In deze zaak heeft de Centrale Raad van Beroep op 16 mei 2018 uitspraak gedaan in hoger beroep over de herziening van het ZW-dagloon van appellante. Appellante, werkzaam als verkoopmedewerker, had zich ziek gemeld en was per 29 december 2014 uit dienst gegaan. Het Uwv had haar dagloon vastgesteld op € 16,97, maar appellante vermoedde dat dit te laag was en vroeg om herziening. Het Uwv had haar geadviseerd om een verzoek om herziening in te dienen, dat met terugwerkende kracht zou worden gehonoreerd. Echter, het Uwv weigerde de herziening per 29 december 2014 en stelde het dagloon pas per 24 maart 2015 vast, wat leidde tot de rechtszaak.

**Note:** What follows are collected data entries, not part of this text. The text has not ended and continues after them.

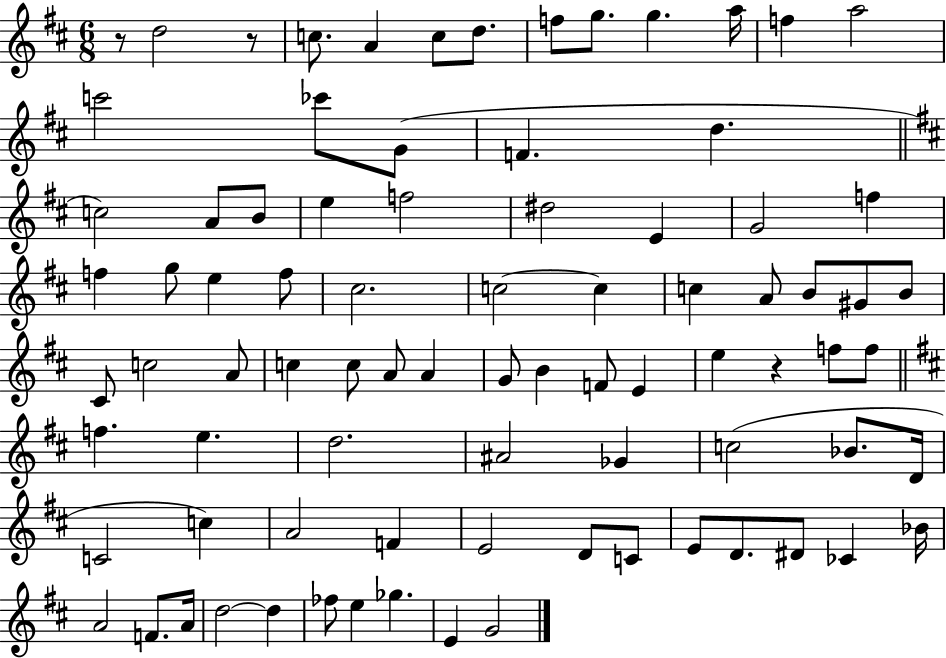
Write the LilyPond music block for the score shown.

{
  \clef treble
  \numericTimeSignature
  \time 6/8
  \key d \major
  r8 d''2 r8 | c''8. a'4 c''8 d''8. | f''8 g''8. g''4. a''16 | f''4 a''2 | \break c'''2 ces'''8 g'8( | f'4. d''4. | \bar "||" \break \key b \minor c''2) a'8 b'8 | e''4 f''2 | dis''2 e'4 | g'2 f''4 | \break f''4 g''8 e''4 f''8 | cis''2. | c''2~~ c''4 | c''4 a'8 b'8 gis'8 b'8 | \break cis'8 c''2 a'8 | c''4 c''8 a'8 a'4 | g'8 b'4 f'8 e'4 | e''4 r4 f''8 f''8 | \break \bar "||" \break \key d \major f''4. e''4. | d''2. | ais'2 ges'4 | c''2( bes'8. d'16 | \break c'2 c''4) | a'2 f'4 | e'2 d'8 c'8 | e'8 d'8. dis'8 ces'4 bes'16 | \break a'2 f'8. a'16 | d''2~~ d''4 | fes''8 e''4 ges''4. | e'4 g'2 | \break \bar "|."
}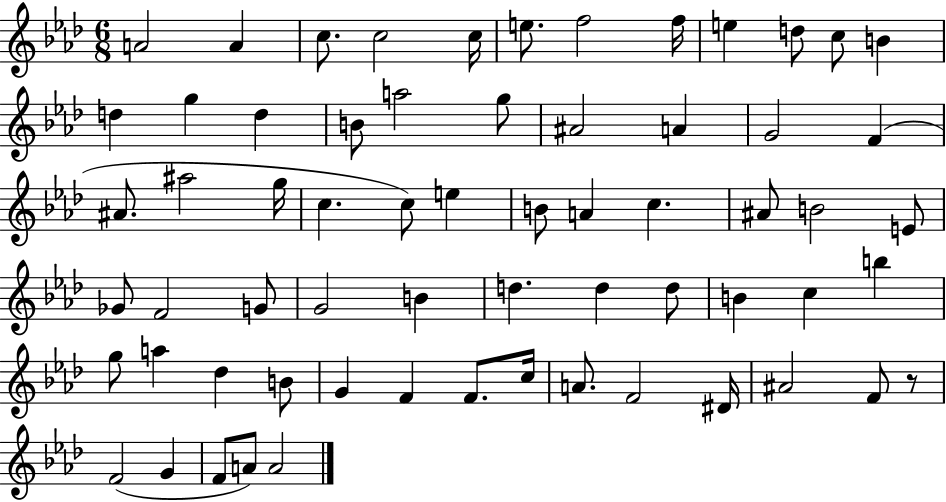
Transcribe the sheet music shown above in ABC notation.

X:1
T:Untitled
M:6/8
L:1/4
K:Ab
A2 A c/2 c2 c/4 e/2 f2 f/4 e d/2 c/2 B d g d B/2 a2 g/2 ^A2 A G2 F ^A/2 ^a2 g/4 c c/2 e B/2 A c ^A/2 B2 E/2 _G/2 F2 G/2 G2 B d d d/2 B c b g/2 a _d B/2 G F F/2 c/4 A/2 F2 ^D/4 ^A2 F/2 z/2 F2 G F/2 A/2 A2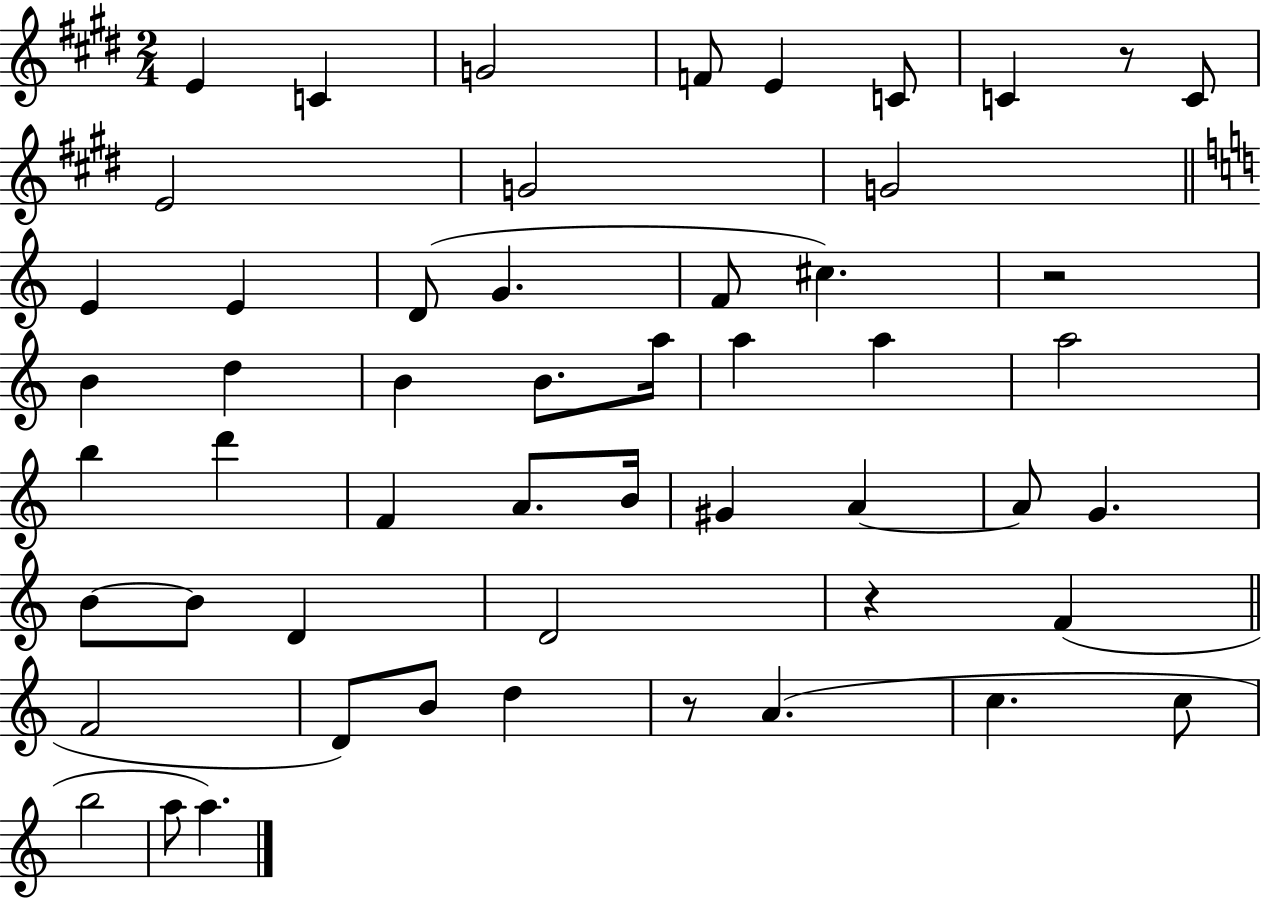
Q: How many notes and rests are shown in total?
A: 53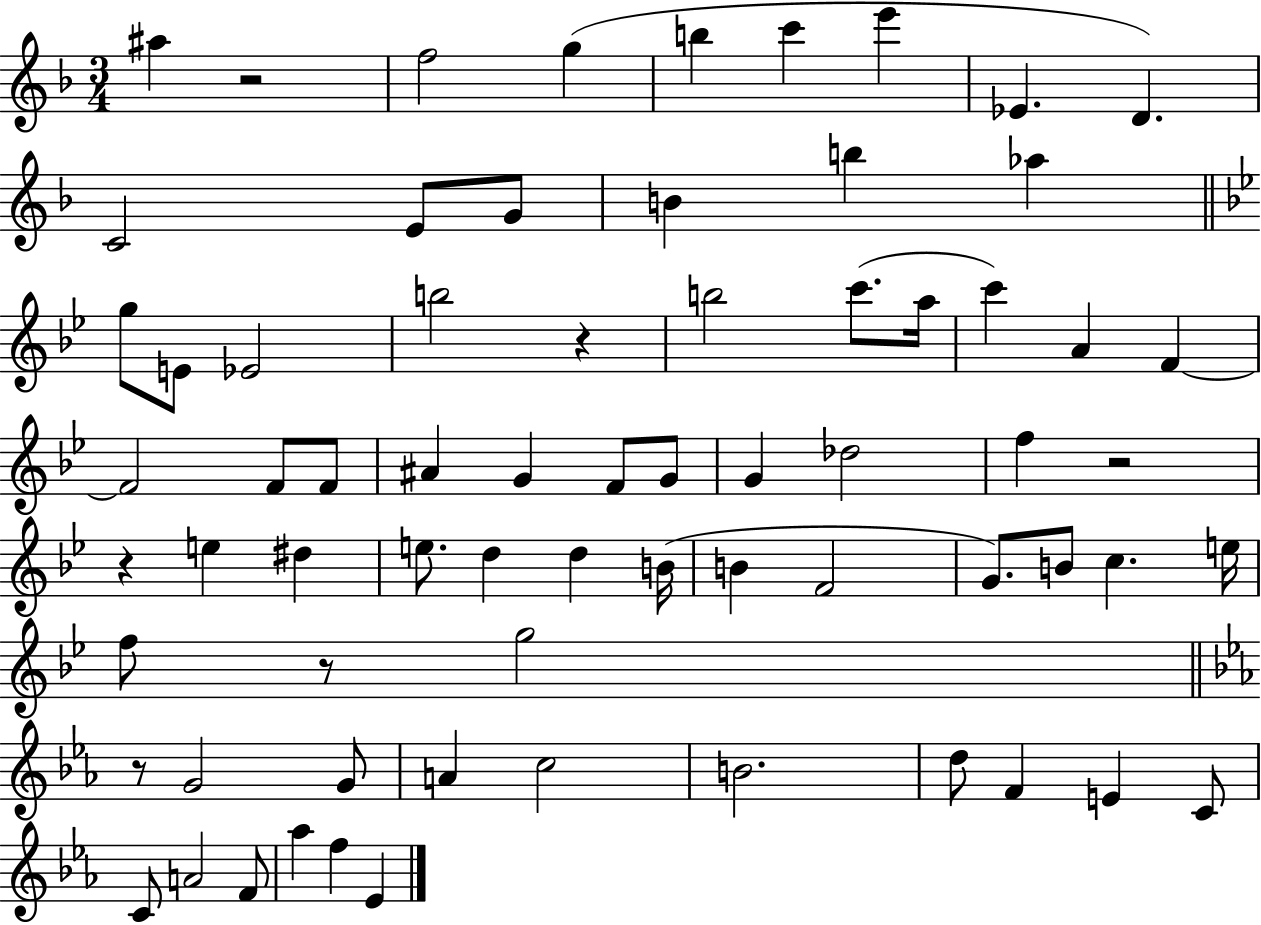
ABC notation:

X:1
T:Untitled
M:3/4
L:1/4
K:F
^a z2 f2 g b c' e' _E D C2 E/2 G/2 B b _a g/2 E/2 _E2 b2 z b2 c'/2 a/4 c' A F F2 F/2 F/2 ^A G F/2 G/2 G _d2 f z2 z e ^d e/2 d d B/4 B F2 G/2 B/2 c e/4 f/2 z/2 g2 z/2 G2 G/2 A c2 B2 d/2 F E C/2 C/2 A2 F/2 _a f _E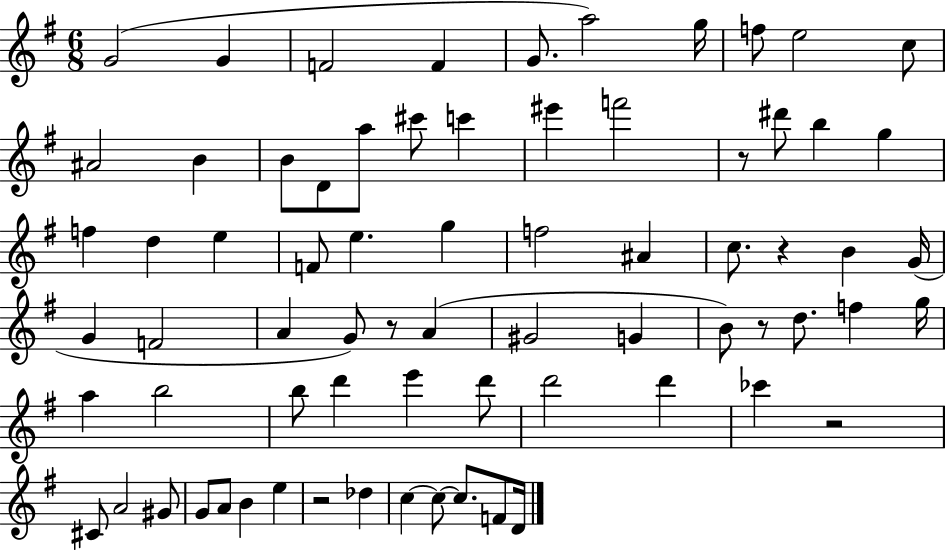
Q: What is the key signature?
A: G major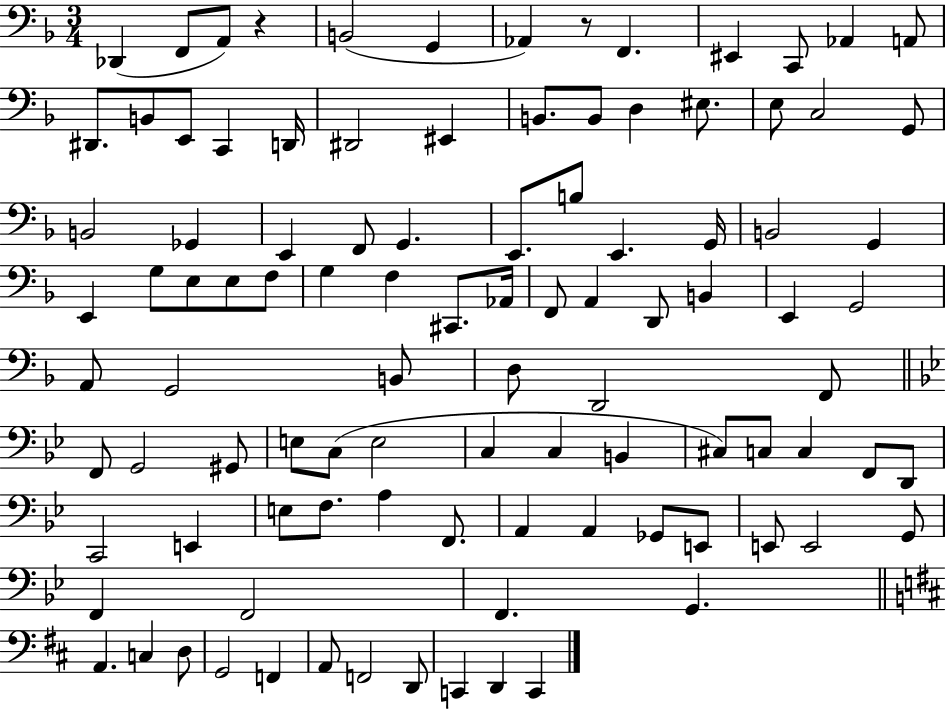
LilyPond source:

{
  \clef bass
  \numericTimeSignature
  \time 3/4
  \key f \major
  \repeat volta 2 { des,4( f,8 a,8) r4 | b,2( g,4 | aes,4) r8 f,4. | eis,4 c,8 aes,4 a,8 | \break dis,8. b,8 e,8 c,4 d,16 | dis,2 eis,4 | b,8. b,8 d4 eis8. | e8 c2 g,8 | \break b,2 ges,4 | e,4 f,8 g,4. | e,8. b8 e,4. g,16 | b,2 g,4 | \break e,4 g8 e8 e8 f8 | g4 f4 cis,8. aes,16 | f,8 a,4 d,8 b,4 | e,4 g,2 | \break a,8 g,2 b,8 | d8 d,2 f,8 | \bar "||" \break \key bes \major f,8 g,2 gis,8 | e8 c8( e2 | c4 c4 b,4 | cis8) c8 c4 f,8 d,8 | \break c,2 e,4 | e8 f8. a4 f,8. | a,4 a,4 ges,8 e,8 | e,8 e,2 g,8 | \break f,4 f,2 | f,4. g,4. | \bar "||" \break \key b \minor a,4. c4 d8 | g,2 f,4 | a,8 f,2 d,8 | c,4 d,4 c,4 | \break } \bar "|."
}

De rechtbank had het beroep van appellante tegen het besluit van het Uwv ongegrond verklaard, maar appellante ging in hoger beroep. De Centrale Raad van Beroep oordeelde dat het Uwv niet voldoende had onderbouwd waarom het dagloon niet per de eerdere datum kon worden herzien. De Raad concludeerde dat het bestreden besluit evident onredelijk was, omdat appellante vanaf het begin had aangegeven dat zij vermoedde dat het dagloon te laag was vastgesteld en het Uwv haar had geadviseerd om een herzieningsverzoek in te dienen. De Raad vernietigde de eerdere uitspraak en het besluit van het Uwv, en stelde het ZW-dagloon per 29 december 2014 vast op € 49,40 bruto.
Daarnaast werd het Uwv veroordeeld in de proceskosten van appellante, die in totaal € 1.020,- bedroegen. De uitspraak benadrukt het belang van duidelijke communicatie van het Uwv naar de aanvrager en de noodzaak om nieuw gebleken feiten of omstandigheden adequaat te beoordelen.